→ SUPPLIED MATERIAL
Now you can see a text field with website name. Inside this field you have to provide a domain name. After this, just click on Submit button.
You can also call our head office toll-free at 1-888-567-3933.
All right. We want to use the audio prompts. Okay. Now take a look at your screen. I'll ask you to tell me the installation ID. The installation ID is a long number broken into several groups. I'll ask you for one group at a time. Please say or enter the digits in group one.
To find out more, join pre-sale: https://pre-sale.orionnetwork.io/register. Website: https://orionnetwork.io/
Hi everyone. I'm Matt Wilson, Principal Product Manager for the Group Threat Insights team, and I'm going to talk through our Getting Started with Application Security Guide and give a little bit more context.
...
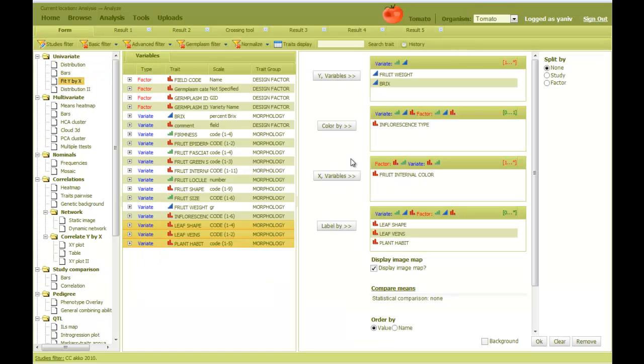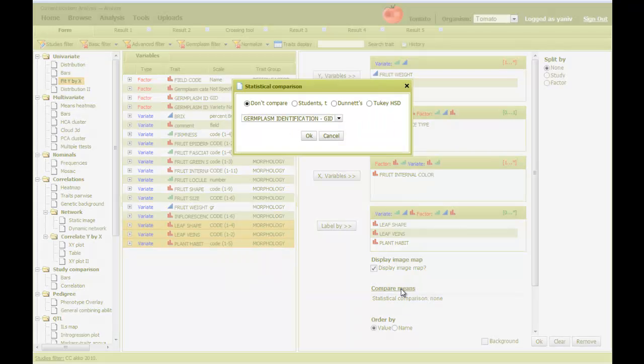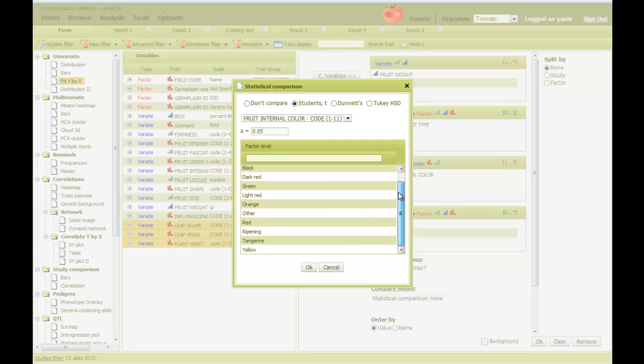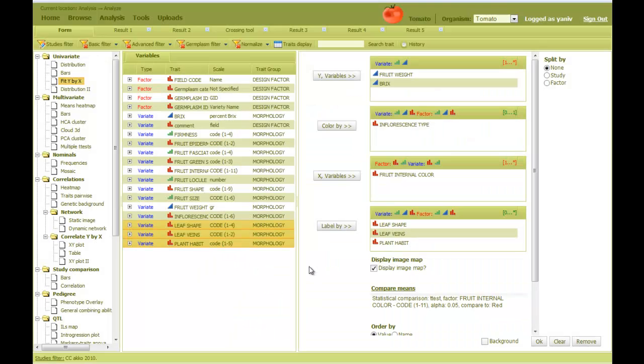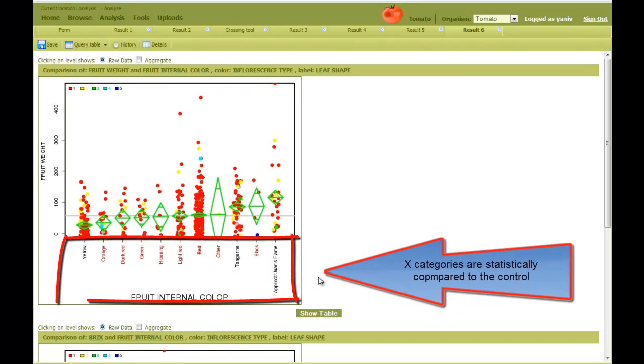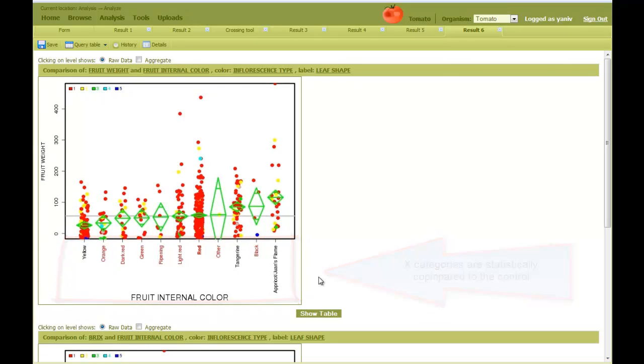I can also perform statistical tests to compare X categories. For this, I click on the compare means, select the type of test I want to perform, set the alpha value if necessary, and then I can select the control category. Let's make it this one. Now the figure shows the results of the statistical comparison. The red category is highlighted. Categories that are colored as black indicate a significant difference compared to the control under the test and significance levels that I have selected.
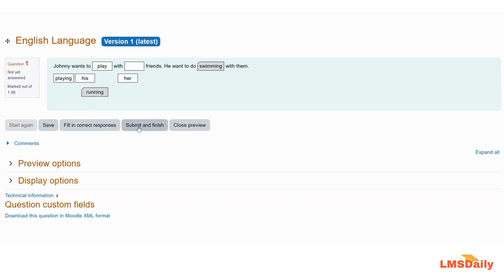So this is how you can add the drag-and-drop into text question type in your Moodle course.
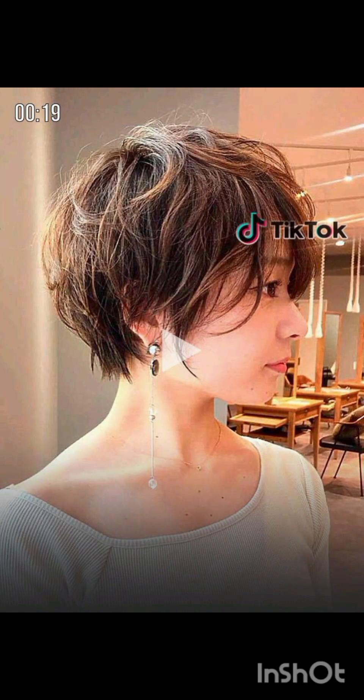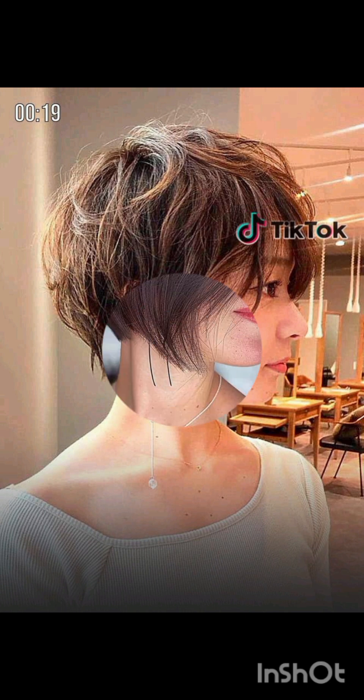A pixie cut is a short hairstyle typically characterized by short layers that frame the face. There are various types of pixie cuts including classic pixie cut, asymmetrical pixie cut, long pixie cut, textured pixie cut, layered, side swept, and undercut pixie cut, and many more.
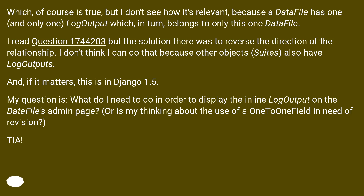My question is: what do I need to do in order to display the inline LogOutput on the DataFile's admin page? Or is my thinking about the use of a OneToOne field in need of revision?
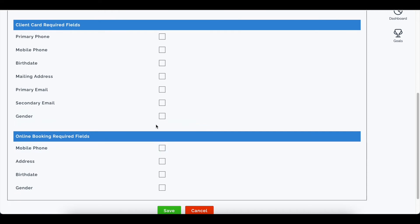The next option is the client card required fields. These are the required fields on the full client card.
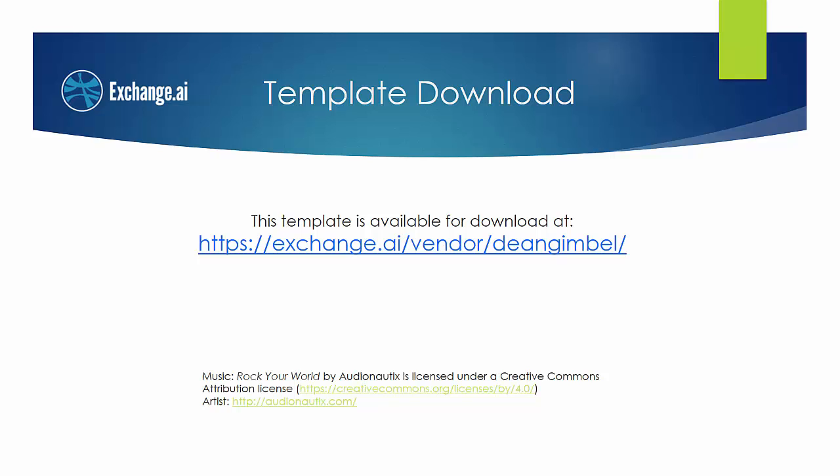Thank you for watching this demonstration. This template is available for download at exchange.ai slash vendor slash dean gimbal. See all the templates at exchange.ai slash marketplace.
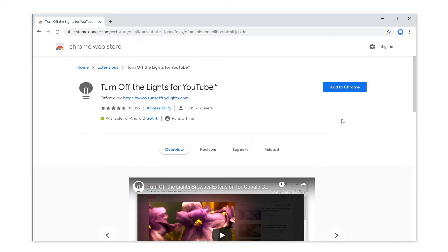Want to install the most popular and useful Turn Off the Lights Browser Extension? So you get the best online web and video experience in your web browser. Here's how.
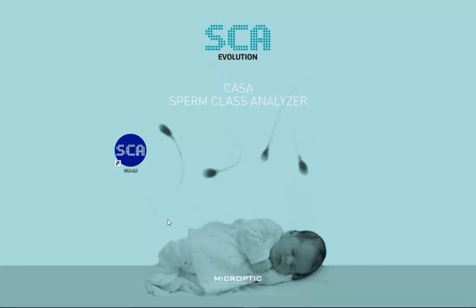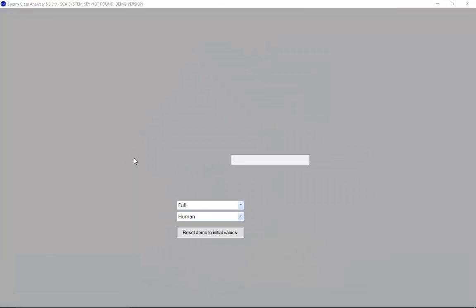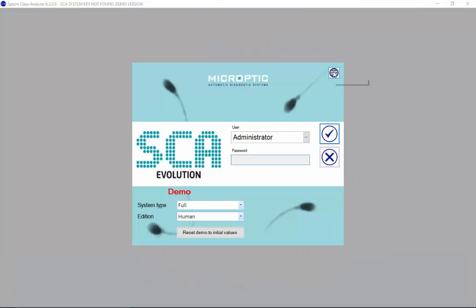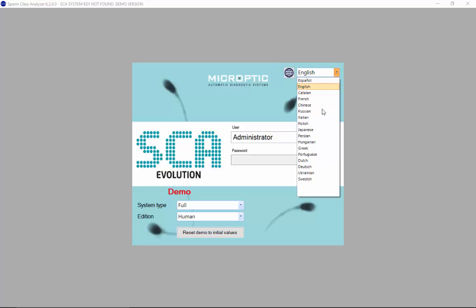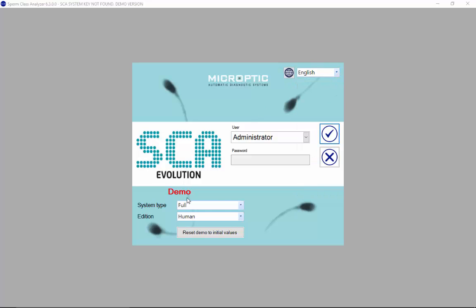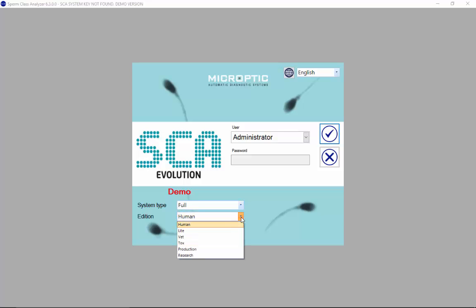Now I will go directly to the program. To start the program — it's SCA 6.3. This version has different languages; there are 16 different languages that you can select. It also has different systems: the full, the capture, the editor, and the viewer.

→ TO DO
For the material above, give again only the lines starting at the line that contains "Want to install" and ending at the line that contains "Now I will go". Pictures do not belong in the copy.

→ OUTPUT OF THE EXERCISE
Want to install the most popular and useful Turn Off the Lights Browser Extension? So you get the best online web and video experience in your web browser. Here's how.
Now I will go directly to the program. To start the program — it's SCA 6.3. This version has different languages; there are 16 different languages that you can select. It also has different systems: the full, the capture, the editor, and the viewer.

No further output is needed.